2.3 Bronchoalveolar Lavage Assessment

All LTRs undergo surveillance bronchoscopy with BAL, bacterial, fungal, and mycobacterial cultures, respiratory viral PCR, and TBB at 1, 3, 6, 9, and 12 months after LTx. Bronchoalveolar lavage is performed by instilling 60 ml of normal saline into the right middle lobe with subsequent aspiration of fluid. If graft rejection is suspected, a non-scheduled TBB is performed. If ACR is detected, the patient undergoes an additional follow-up one month after the treatment completion. All bronchoscopies included in this study were performed by the same pulmonologist (AA) to ensure technically and operatively homogenized data.

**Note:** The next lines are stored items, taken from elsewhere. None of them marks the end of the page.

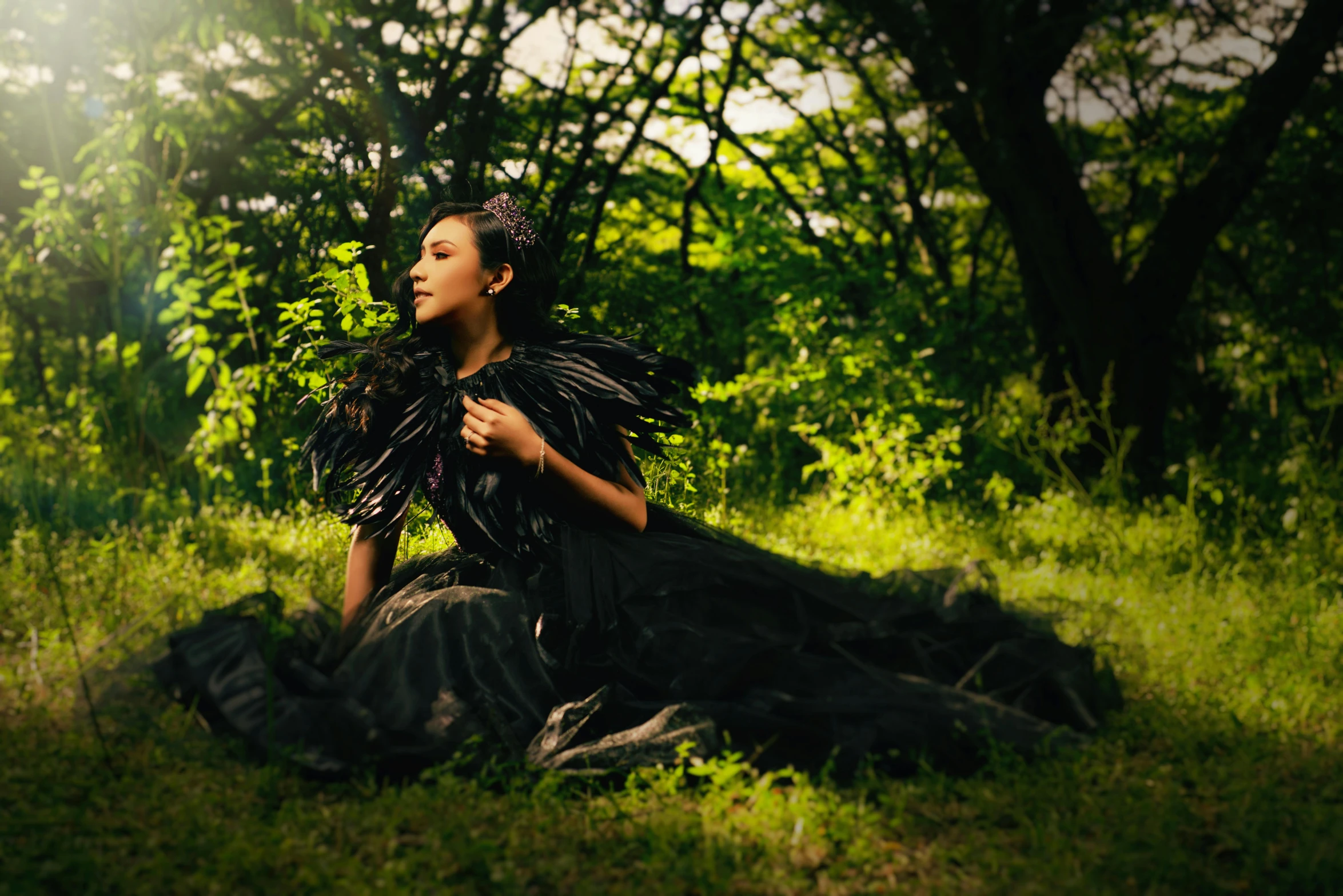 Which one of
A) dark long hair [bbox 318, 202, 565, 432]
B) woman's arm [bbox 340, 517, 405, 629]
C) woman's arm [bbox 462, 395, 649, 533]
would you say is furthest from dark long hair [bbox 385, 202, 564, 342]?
woman's arm [bbox 340, 517, 405, 629]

Biochemical evaluation of BAL and measurement of pepA concentration was performed by a single regional external laboratory (ARUP Laboratories, Salt Lake City, Utah). The specimen is received frozen and fixed in saline solution for the measurement of pH, total protein, and pepA concentration. For this study, pepA was measured using a semi-quantitative enzymatic assay. Importantly, the measurement of pepA is not yet standardized, and a consensus on diagnostic thresholds is lacking; however, the laboratory suggests the following reference values: <12.5 ng/mL negative, 12.5-100 ng/mL moderately positive, and >100 ng/mL strongly positive. Notably, the suggested ranges from this laboratory are based on a pediatric population (as indicated in the reports) and unrelated to a correlation with ACR. Since a threshold for an association of pepA concentration in BAL fluid with ACR has not been established, we used a dichotomous variable (detectable [>0.1 ng/mL] or undetectable) to measure the strength of the association between pepA and ACR. The laboratory did not provide a reference range for pH or total protein concentrations in BAL fluid.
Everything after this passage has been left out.